Identifying High-Confidence Social Biases in LLMs for Trustworthy Conversational Tutoring Agents
2026-06-01 • Computation and Language
Computation and LanguageArtificial Intelligence
AI summaryⓘ
The authors studied how large language models (LLMs), used as conversational tutors, can show strong confidence in biased or unfair statements without realizing they are biased. They created a new way to test these models by making up tutoring conversations that include biased turns and then checked if models could detect these biases. The authors found that LLMs struggle to spot bias in real tutoring chats and often give confident but wrong feedback, which could negatively affect students. They discuss the risks and suggest ways to reduce these problems in future work.

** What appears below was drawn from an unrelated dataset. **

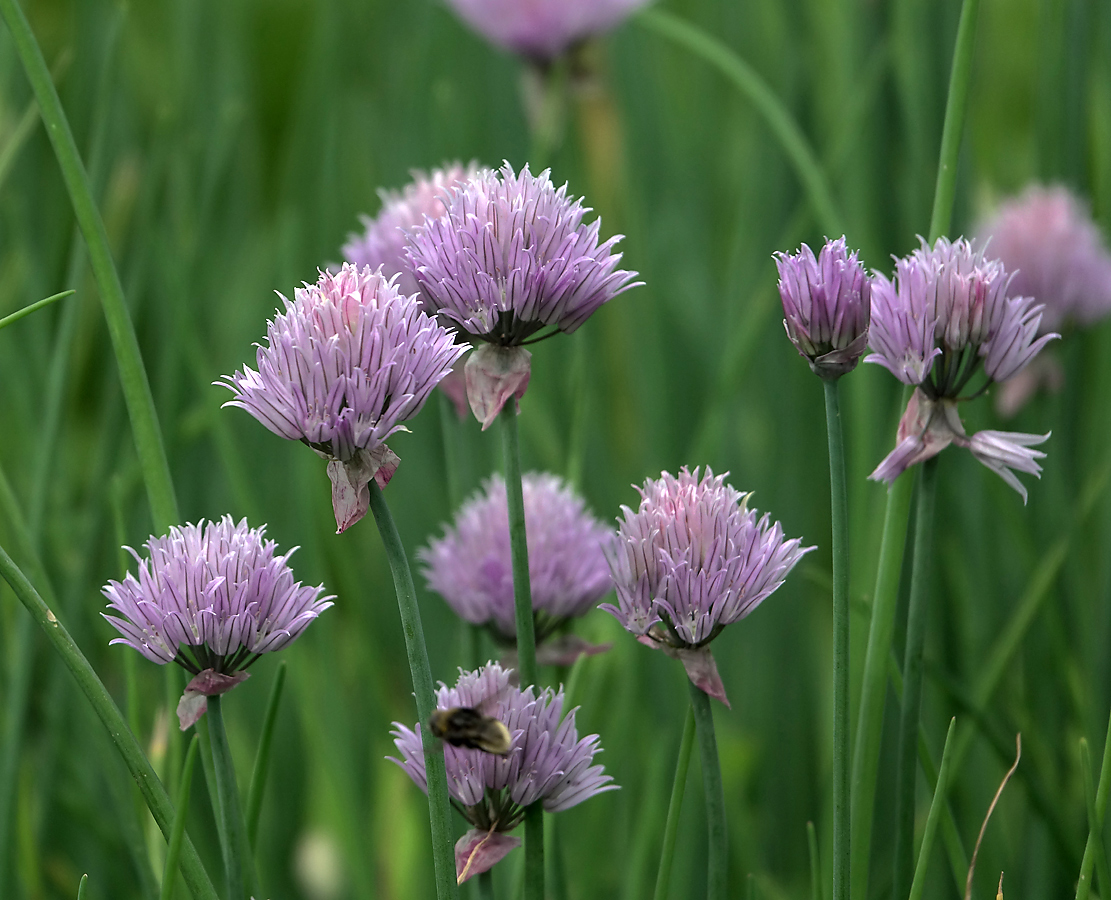 Изображение особи Allium schoenoprasum.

Large Language ModelsConversational TutorsSocial BiasBias DetectionConfidence CalibrationNatural Language ProcessingAI EthicsEducational TechnologyHuman-AI Interaction
Authors
Aitor Arronte Alvarez, Naiyi Xie Fincham
Abstract
Conversational tutoring agents have been shown to improve learning engagement and student outcomes, and large language models (LLMs) are increasingly used in these systems to provide scalable, personalized feedback. However, LLMs may perpetuate or amplify stereotypical social biases, posing particular risks in educational settings. In this study, we evaluate LLMs in conversational tutoring scenarios to identify high-confidence social biases, instances where models are unable to identify biased judgments in tutoring conversations while maintaining strong confidence in their assessments, potentially affecting their reasoning and the feedback they provide to learners. We present a new dataset generation method that enables bias evaluation under naturalistic instructional conditions by regenerating student-AI tutor interactions and introducing turns with controlled bias derived from a benchmark dataset. Using this data, we assess multiple LLMs' ability to detect stereotypical biases and analyze the confidence and reasoning underlying their responses through computational and human evaluations. We find that bias detection is substantially more challenging in conversational tutoring contexts than in benchmark-based evaluations, and that state-of-the-art LLMs are overconfident in their incorrect assessments of stereotypical bias statements. Moreover, model confidence strongly influences reasoning and feedback, highlighting the risks of overconfident, biased behavior in LLM-based tutoring agents. We conclude by discussing implications, mitigation considerations, and directions for future research.